Centralised systems (which most tech is) are good for standardisation and benefits of scale but they are always bad at handling diverse conditions. The diseconomies of scale are glaring once you look beneath the surface.

Interventionist Bias

Its very hard to resist Interventionist bias. But its important to realise that not doing something is also a decision.

Rules are bad - I can’t remember the last time I saw rule that doesn’t break under some condition. As soon as something bad happens we want to create a rule or a policy to make sure that doesn’t happen again. But sometimes accepting a small risk is better than creating inflexible rules. This tendency to do something about it is very hard to resist.

Excessive Automation - Again interventionists tend to forget the hidden redudancies of manual processes. Everything that can be automated need not be automated.

Gathering Requirements for the System

I’ll list down the order of preference for source of requirements

  1. Experienced Practitioners: This is by the far the best source for requirements. They’d have done the processes thousands of times. Often manually or with little automation. They can often tell what they want and more importantly why they want it. They can be opinionated sometimes. One good filter is to pick the leader for your desired variable which could be RoI/ Time spent on job/ Least manpower required/ Maximum customer delight, etc.

  2. Customer Interviews: Interviewing a bunch of potential users for your tool. This has one advantage - you get to hear multiple perspectives about the same problems. But it is also often that a small minority figures out the secret to success while the majority constantly misses the obvious.

  3. Tinkering and Optimisation: You come up with an outsider approach to a problem and put something out there. You react to customer feedback and constantly test your assumptions.


The working of the system must be transparent to end users. Suppose someone made a tool to sum up the values on column A of a table. It may happen that total of values in column A and column B come out to be equal during January though in individual rows column A and B differ. It maybe convenient to implement a sum on column B and demo the correct answer. But that won’t stay correct forever. At least after January passes. But I see such code surprisingly often.
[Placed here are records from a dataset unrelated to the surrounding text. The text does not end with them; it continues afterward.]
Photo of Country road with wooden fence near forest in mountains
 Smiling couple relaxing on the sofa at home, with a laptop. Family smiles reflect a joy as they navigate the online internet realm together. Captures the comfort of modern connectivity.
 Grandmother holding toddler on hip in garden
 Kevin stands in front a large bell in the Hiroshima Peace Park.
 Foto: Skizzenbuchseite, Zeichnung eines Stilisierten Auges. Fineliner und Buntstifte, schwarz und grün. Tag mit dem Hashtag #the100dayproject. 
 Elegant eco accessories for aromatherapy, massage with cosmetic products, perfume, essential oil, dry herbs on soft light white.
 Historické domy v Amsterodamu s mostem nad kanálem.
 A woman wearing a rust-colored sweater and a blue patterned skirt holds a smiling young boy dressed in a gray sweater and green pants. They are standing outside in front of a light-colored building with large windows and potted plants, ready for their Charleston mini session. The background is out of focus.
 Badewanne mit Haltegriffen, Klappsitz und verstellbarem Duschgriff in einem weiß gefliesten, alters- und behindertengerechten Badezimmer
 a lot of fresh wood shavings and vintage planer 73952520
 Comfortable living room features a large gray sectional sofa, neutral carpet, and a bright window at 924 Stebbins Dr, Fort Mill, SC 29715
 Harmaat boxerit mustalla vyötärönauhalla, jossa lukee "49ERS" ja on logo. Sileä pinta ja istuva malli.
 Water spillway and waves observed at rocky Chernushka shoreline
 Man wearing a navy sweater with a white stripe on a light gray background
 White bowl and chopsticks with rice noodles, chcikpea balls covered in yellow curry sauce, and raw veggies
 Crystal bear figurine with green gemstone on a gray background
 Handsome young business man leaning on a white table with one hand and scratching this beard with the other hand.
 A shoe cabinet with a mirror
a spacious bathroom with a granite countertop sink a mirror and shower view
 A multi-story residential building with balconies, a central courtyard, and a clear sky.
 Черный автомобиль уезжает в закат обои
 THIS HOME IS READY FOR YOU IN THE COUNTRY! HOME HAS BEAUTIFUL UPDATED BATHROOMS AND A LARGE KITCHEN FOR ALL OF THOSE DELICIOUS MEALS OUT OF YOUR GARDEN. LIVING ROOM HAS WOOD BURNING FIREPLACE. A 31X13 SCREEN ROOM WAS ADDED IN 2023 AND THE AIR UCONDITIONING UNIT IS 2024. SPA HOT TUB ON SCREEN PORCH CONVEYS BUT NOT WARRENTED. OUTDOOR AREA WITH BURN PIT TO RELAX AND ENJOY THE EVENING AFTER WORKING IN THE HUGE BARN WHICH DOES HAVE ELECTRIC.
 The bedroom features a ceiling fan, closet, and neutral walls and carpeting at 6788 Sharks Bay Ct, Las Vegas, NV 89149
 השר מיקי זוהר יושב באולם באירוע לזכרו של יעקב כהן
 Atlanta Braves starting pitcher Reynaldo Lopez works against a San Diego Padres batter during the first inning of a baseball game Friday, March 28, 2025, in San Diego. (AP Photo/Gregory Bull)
Revealed Systems invite end users to use them in novel and correct ways and also aid for redundancy in case they stop working for some reason. An opaque system which hides implementation almost always carries bad and complex design because it is closed for verification.

Immediate Feedback

When things break, are being created or changed users expect immediate feedback. Make loud noise when things break. Users need to know if they are doing a good job. Its best to keep that feedback loop to the shortest possible. Also it should be dead simple to provide feedback to the Administrator.

Integration into Workflow

Who doesn’t remember a fantastic tool that the manager brings in which almost immediately gets orphaned? A good tool integrates smoothly into the workflow. Right from the language. Calling something an invoice does make a difference versus just calling it a document. Everyone on the team must know who their end user would be, how their day goes like and how they talk about their work.

Testing Assumptions

Everything is an assumption until proven. You could make assumptions about scale of usage, about a feature, the distribution channel and any other variable that could affect your team’s fate.

Behavioural Science

People are irrational. Imporant to understand that what looks good on paper is rarely what people do in reality because of their biases or prejudices. So the design you came up with could end up being used in a completely different way. So complement with visual cues and other behavioural science techniques to drive effective usage.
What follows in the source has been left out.